American legislative district

Maryland Legislative District 7 is one of 47 districts in the state for the Maryland General Assembly. The district currently consists of parts of Baltimore County and Harford County. The district includes the communities of Bel Air North, Bel Air South, Bowleys Quarters, Edgewood, Fallston, Jarrettsville, Joppatowne, Kingsville, Middle River, Pleasant Hills, Rossville, and White Marsh. The district was established in 1975.

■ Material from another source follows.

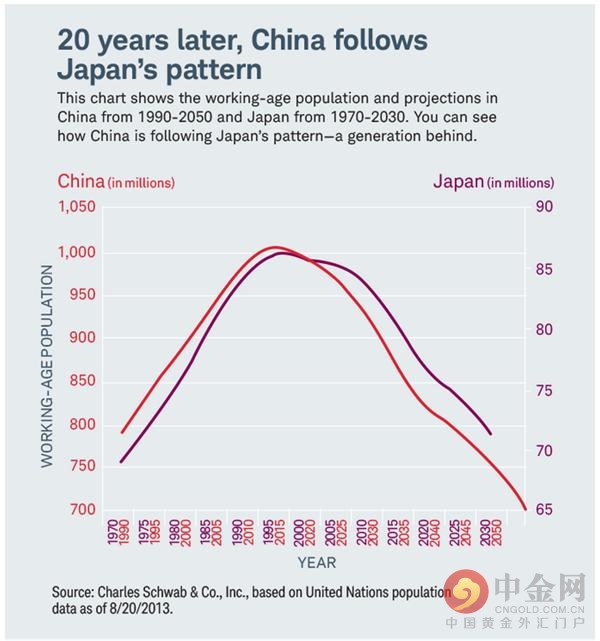 外媒：中国结束35年独生子女政策的原因(组图)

The district is represented by one State Senator and three State Delegates all of which serve four year terms elected during the Maryland Gubernatorial Elections.

==Demographic characteristics==
As of the 2020 United States census, the district had a population of 140,902, of whom 109,881 (78.0%) were of voting age. The racial makeup of the district was 107,012 (75.9%) White, 16,188 (11.5%) African American, 377 (0.3%) Native American, 5,905 (4.2%) Asian, 47 (0.0%) Pacific Islander, 2,611 (1.9%) from some other race, and 8,755 (6.2%) from two or more races. Hispanic or Latino of any race were 6,335 (4.5%) of the population.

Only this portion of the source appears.